Correlation Analysis Between piR-1919609 Expression and Clinicopathological Features in Epithelial Ovarian Cancer
| Clinicopathological features | piR-1919609 expression | Z | P value | |
|---|---|---|---|---|
| Lower than median n = 42) | Higher than median (n = 43) | |||
| Age (median) | ||||
| <54 | 17 | 24 | -1.407 | 0.160 |
| ≥54 | 25 | 19 | ||
| FIGO stage | ||||
| I-II | 16 | 8 | -1.984 | 0.047* |
| III-IV | 26 | 35 | ||
| Histological grade | ||||
| Low grade | 4 | 6 | -0.630 | 0.529 |
| High grade | 38 | 37 | ||
| Lymph node/omental metastasis | ||||
| No | 21 | 8 | -3.034 | 0.002** |
| Yes | 21 | 35 | ||
| Residual lesion (cm) | ||||
| ≤1 cm | 36 | 39 | -0.709 | 0.478 |
| >1 cm | 6 | 4 | ||
Table 2.
Correlation Analysis Between piR-1919609 Expression and Relapse Time in Epithelial Ovarian Cancer
| Relapse time | piR-1919609 expression | R | P value | |
|---|---|---|---|---|
| Lower than median n = 25 | Higher than median (n = 24) | |||
| <3 months | 3 | 9 | -0.430 | 0.002** |
| 3–6 months | 2 | 6 | ||
| 6–12 months | 3 | 4 | ||
| >12 months | 16 | 6 | ||
PIWIL2 is Significantly Upregulated in Primary Ovarian Cancer
We confirmed that piR-1919609 is significantly related to the recurrence and drug resistance of OC. Next, we explored the influence of PIWILs on OC. The relative expression of PIWIL mRNA was detected by RT‒PCR. The results showed that the expression of PIWIL2 mRNA was significantly increased in primary ovarian cancer tissues (3.070 ± 0.513 vs 1.460 ± 0.267, p < 0.05) compared with normal ovarian tissues. There was no significant difference in PIWIL1 mRNA between the cancer group and the normal group (2.844 ± 1.006 vs 1.300 ± 0.268, p > 0.05), and the same was true for PIWIL4 mRNA (1.202 ± 0.260 vs 1.385 ± 0.202, p > 0.05), as shown in Figure. 5. The expression of PIWIL proteins in OC was detected by Western blot analysis. The results indicated that the expression of PIWIL2 and PIWIL4 in OC tissue was significantly higher than that in normal ovarian tissue (p < 0.05), whereas the expression of PIWIL1 protein was not significantly different between the two groups (p > 0.05), as shown in Figure. 6. Taken together, these findings indicated that PIWIL proteins may be associated with the progression of OC.
Figure 5.
Rt‒PCR of the relative expression of PIWIL1, PIWIL2, and PIWIL4 in different ovarian tissues.
Figure 6.
(A). PIWI protein expression in ovarian tissue. (B). PIWI protein expression statistics
(notes: OC: primary ovarian cancer; primary ovarian cancer: C1-C3; normal ovary: N1-N3.).
Immunofluorescence Detection of PIWILs in SKOV3 OC Cells
Next, we observed the cellular location of PIWIL proteins in OC cells by immunofluorescence, aiming to provide a reference for subsequent studies on the mechanism of PIWILs in OC at the cellular level.

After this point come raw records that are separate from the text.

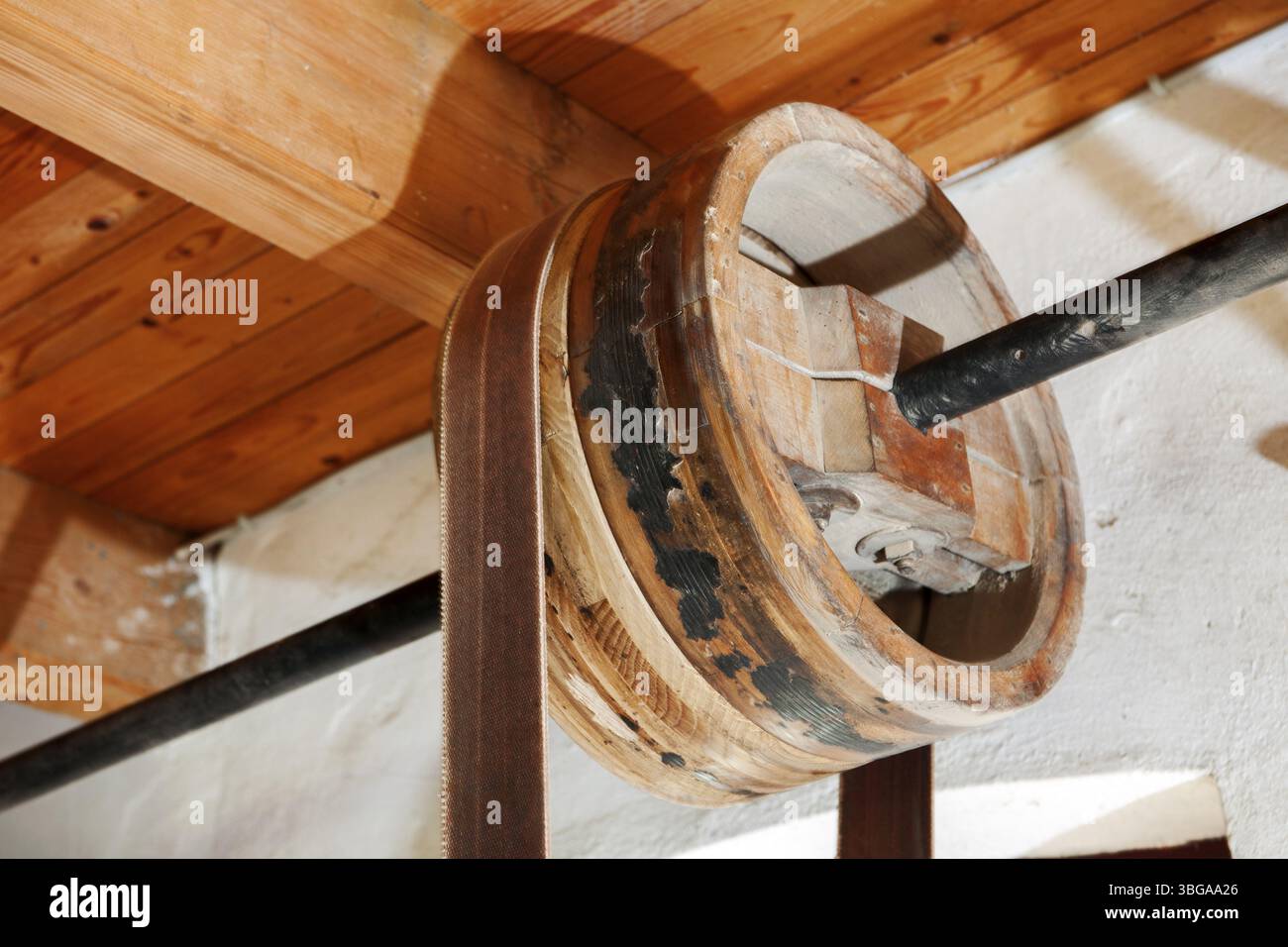 Vecchia ruota di legno su un albero come parte di una trasmissione sotto le travi del soffitto di una vecchia fabbrica di falegname Foto Stock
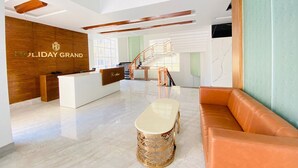 A modern hotel lobby with a reception desk, a staircase, and a seating area. - Hotel Holiday Grand Near Expo Mart (Greater Noida)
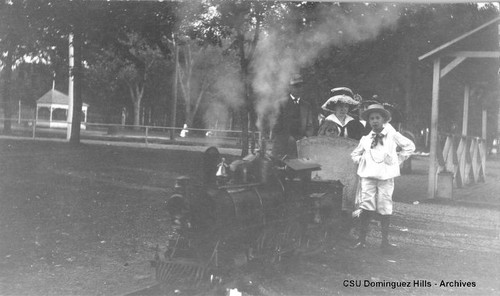 Family in miniature train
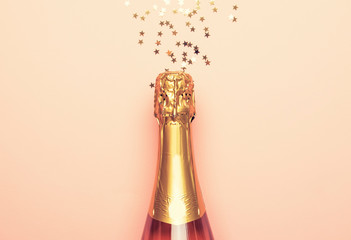 Christmas or New Year pink background with  bottle of sparkling wine, rose champagne and gold...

The results showed the following: (1) PIWIL1 fluorescence was detected as positively expressed in SKOV3 cells. It was mainly expressed in the nucleus, and the fluorescence distribution was uniform. (2) PIWIL2 had strong positive expression in SKOV3 cells, and it was enriched in both the cytoplasm and the nucleus; the fluorescence distribution was relatively uniform. (3) PIWIL4 was weakly positive in SKOV3 cells; the fluorescence was mainly enriched in the nucleus, and the fluorescence distribution was uneven. All of the above results are shown in Figure. 7. In summary, Western blotting analysis and immunofluorescence assays indicated that PIWIL proteins are expressed in OC and may play a regulatory role in OC by localizing to the nucleus.
Figure 7.
PIWIL protein localization in SKOV3 cells by imageXpress micro confocal (200X).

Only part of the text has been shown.